Debra Nagy, historical oboes and recorder (bottom right)
Praised for her “dazzling technique and soulful expressiveness,” (Rocky Mountain News), and a musical approach that’s “distinctly sensual…pliant, warm, and sweet,” (New York Times), Debra Nagy is one of North America’s leading performers on the baroque oboe. She is principal oboe with Boston’s Handel & Haydn Society and performs with ensembles around the country including the American Bach Soloists, Apollo’s Fire, Boston Early Music Festival, and others. Passionate about chamber music, Debra is the founder/director of Les Délices and also performs late-medieval music as a regular guest with Boston’s acclaimed Blue Heron and Chicago’s Newberry Consort. Debra was recently recognized with a 2022 Cleveland Arts Prize (Mid-Career) and received the 2022 Laurette Goldberg Prize from Early Music America for her community outreach work with Les Délices on the acclaimed web series SalonEra. Additional awards recognizing her creative and scholarly pursuits include first-prize in the American Bach Soloists Young Artists Competition, a 2009 Fellowship from the National Endowment for the Humanities, and a 2010 Creative Workforce Fellowship from Cuyahoga Arts & Culture.
Debra’s passion for unearthing little-known masterpieces caused the New York Times to dub Les Délices “an early music group with an avant-garde appetite,” adding, “concerts and CDs by Les Délices are journeys of discovery.” Inspired by a creative process that brings together research, composition in historical styles, improvisation, and artistic collaboration, Debra creates programs that “can’t help but getting one listening and thinking in fresh ways” (San Francisco Classiacal Voice). Recent projects have included critically-acclaimed multimedia productions of Machaut’s Remede de Fortune, an acclaimed CD combining jazz and French Baroque airs called Songs without Words, and The White Cat, a pastiche Baroque opera with puppetry and projections based on Marie Catherine d’Aulnoy’s 1690s feminist fairytale.

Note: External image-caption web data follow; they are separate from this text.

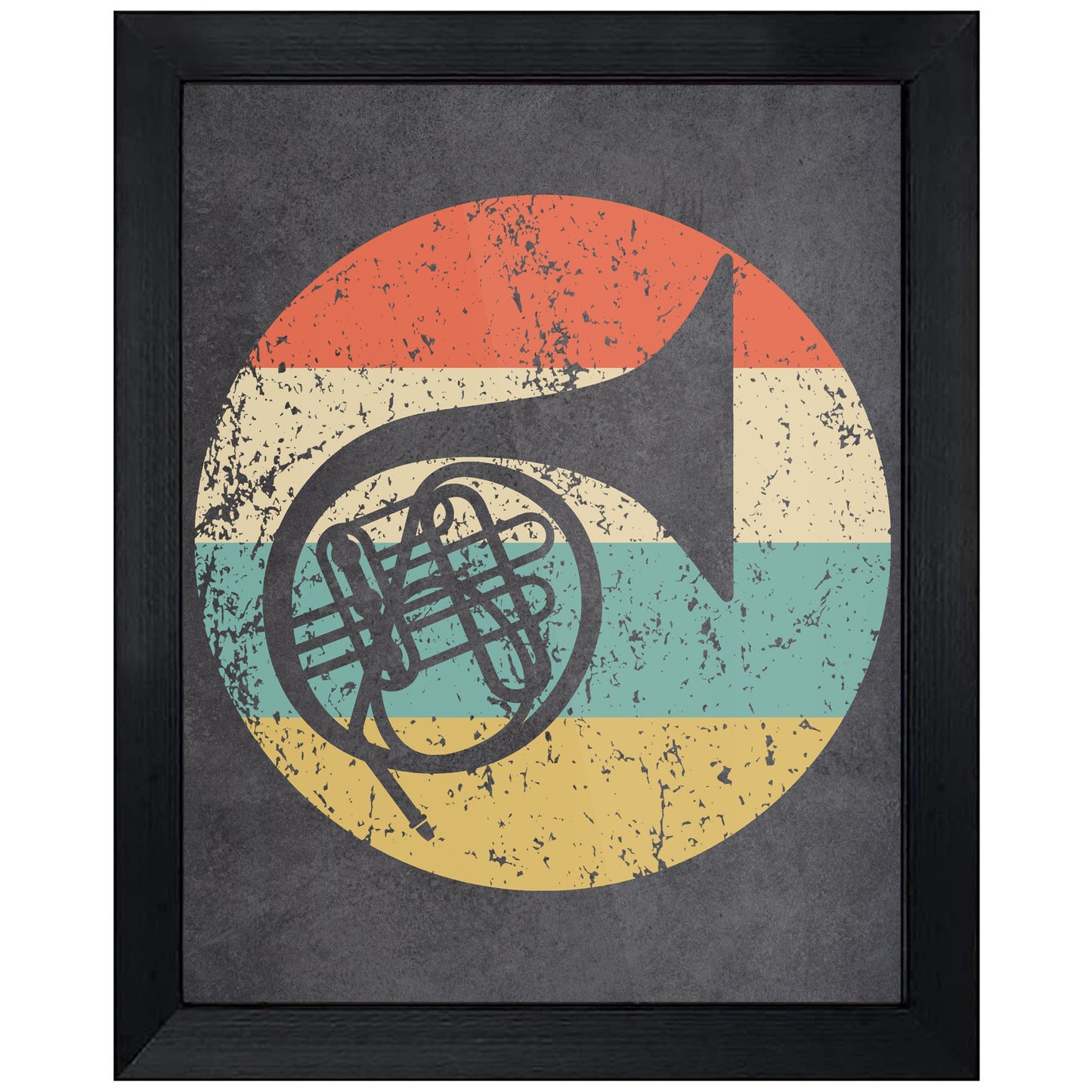 French Horn Musical Instrument Music Icon Retro 8"x10" Wall Art Print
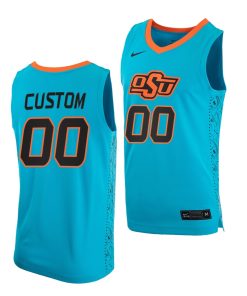 Custom Oklahoma State Cowboys Blue College Basketball Jersey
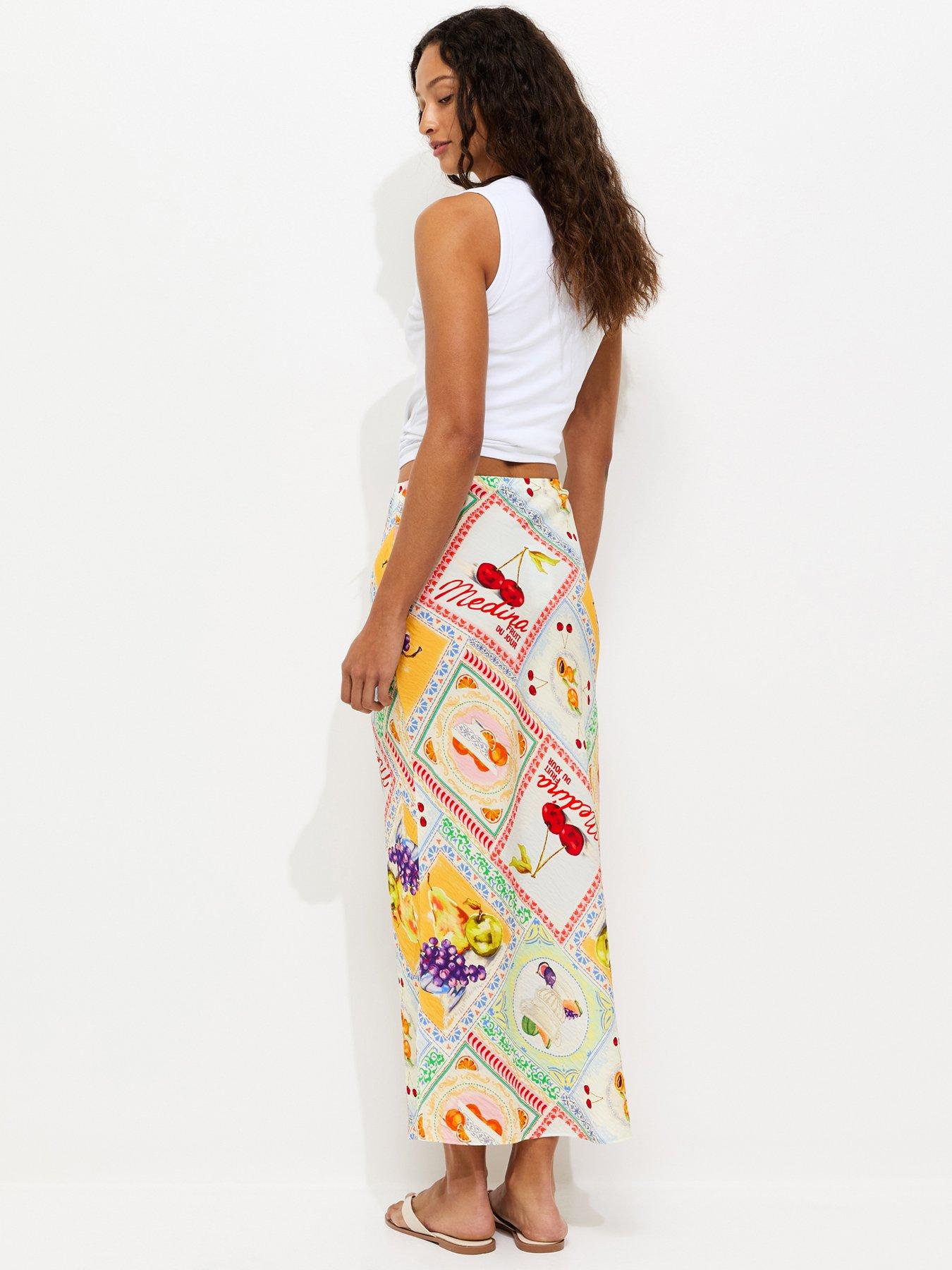 Image 2 of 5 of New Look Medina Print Bias Cut Midi Skirt - Multi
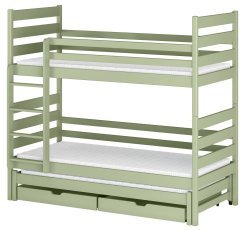 Etagenbett mit Zusatzbett Tomi – 90x190 cm – Oliv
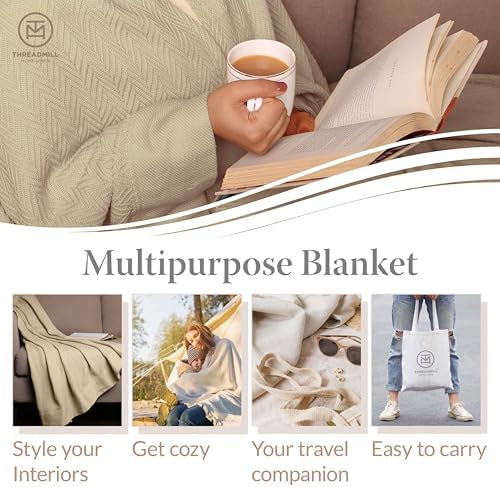 Threadmill Premium Cotton Herringbone Twin Blanket - 350GSM 68x92 Inches Beige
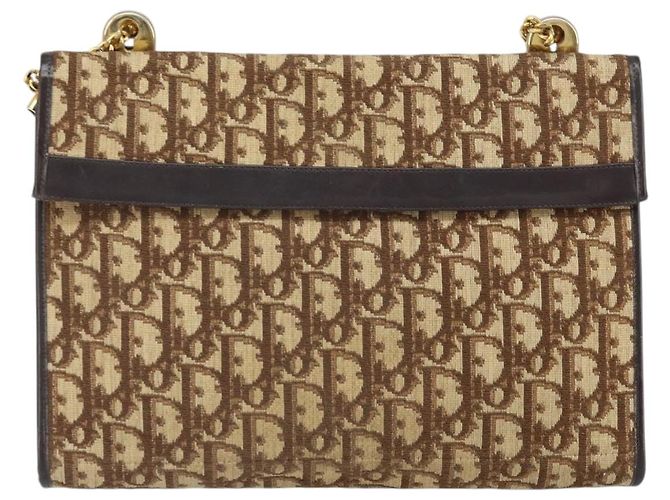 Borsa a Spalla in Tela Trotter Christian Dior Beige Oro Auth 170604 D'oro - vista 2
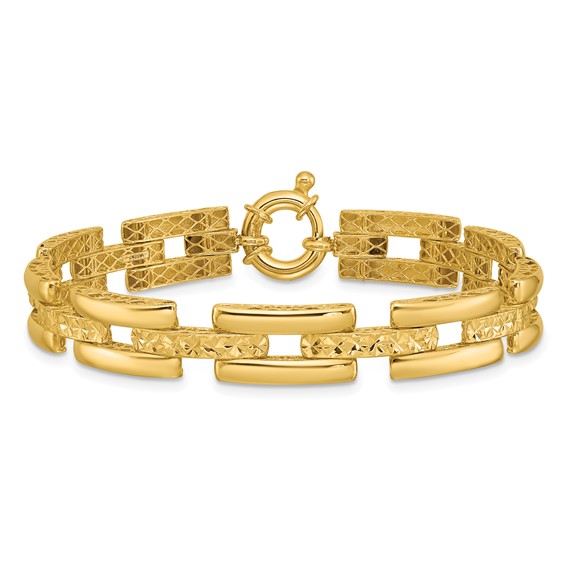 Herco 14K Polished and Diamond-cut Fancy Link 7.5 Inch Bracelet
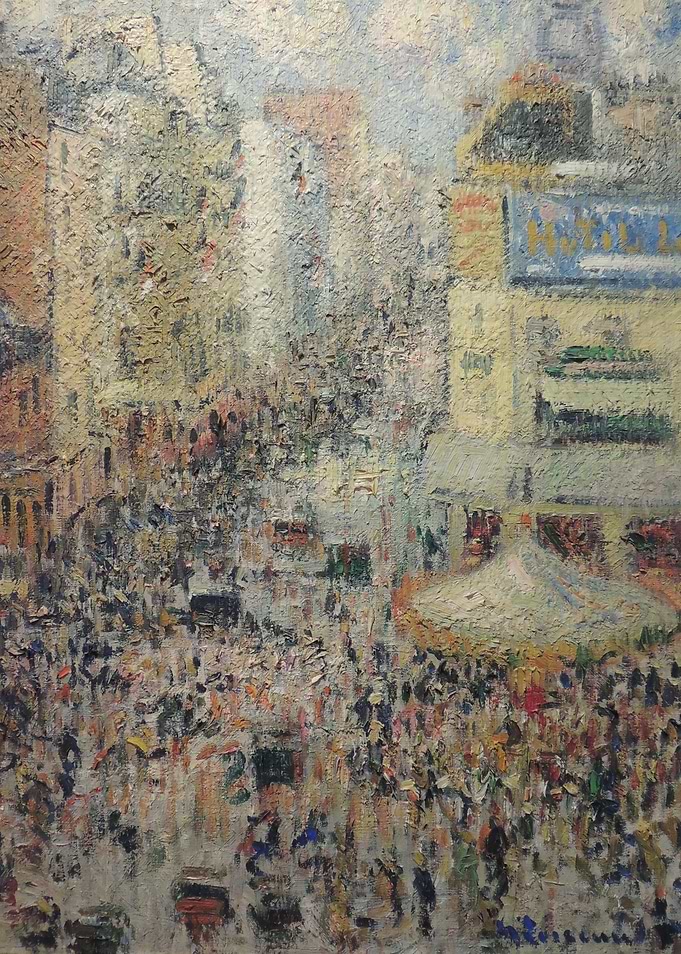 Impressionistic Cityscape Painting with Crowds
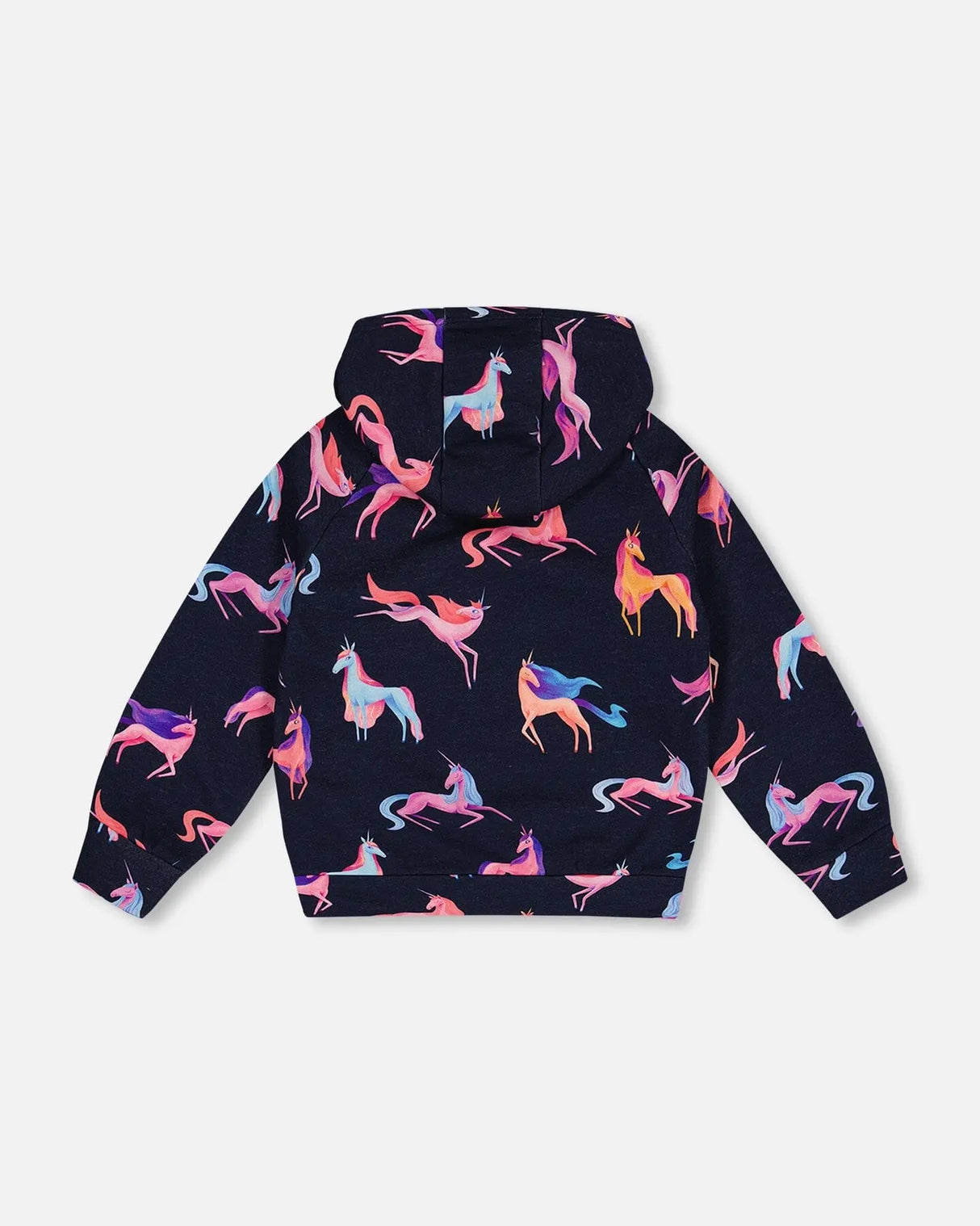 Hooded Sweatshirt Navy Printed Unicorn | Deux par Deux | Jenni Kidz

Recent social unrest and the restrictions of the COVID-19 Pandemic inspired several new projects. Debra reimagined Les Délices’ traditional concert series for the virtual space, safely recording 11 different programs for broadcast during their 2020-22 seasons. One reviewer described the first program as, “in a word: sensational!” and another recognized “[Les Délices] raises the bar for streaming events that have fairly taken over since the pandemic halted live performing arts. At a most challenging time Les Délices embarks on a creative adventure to extend its audience beyond their in-person performances rather than an alternative to them. The modest ticket price is a cultural gift.”
At the same time, Debra created a bi-weekly web series variety show for early music called SalonEra. Entering its 4th Season in 2023-24, SalonEra is a salon experience for the 21st century that brings together regular contributors and special guests whose personalities, perspectives, and contributions set the stage for fascinating conversations and fulfilling artistic exchange. Unlimited by geography or program conventions, SalonEra has attracted a wide audience and enables Debra to dramatically expand the range of repertoire and artists that Les Délices presents.
A dedicated and inspiring teacher, Debra serves on the artist faculties of the American Bach Soloists’ Summer Academy and the Oregon Bach Festival’s Berwick Academy, and has given masterclasses at Juilliard, the Cleveland Institute of Music, San Francisco Conservatory, Cincinnati Conservatory, and University of Washington. She is also committed to service and to fostering the next generation of leaders through her work as a mentor and as a former board member of Early Music America; she helped found what has become EMA’s Emerging Leadership Council.
Debra has recorded over 40 CDs with repertoire ranging from 1300-1800 and has had live performances featured on CBC Radio Canada, Klara (Belgium), NPR’s Performance Today, WQXR, and WGBH. When not rehearsing, performing, or dreaming up new projects, Debra cooks prodigiously (including much canning and pickling) and loves commuting by bicycle from her home in Cleveland’s historic Ohio City neighborhood.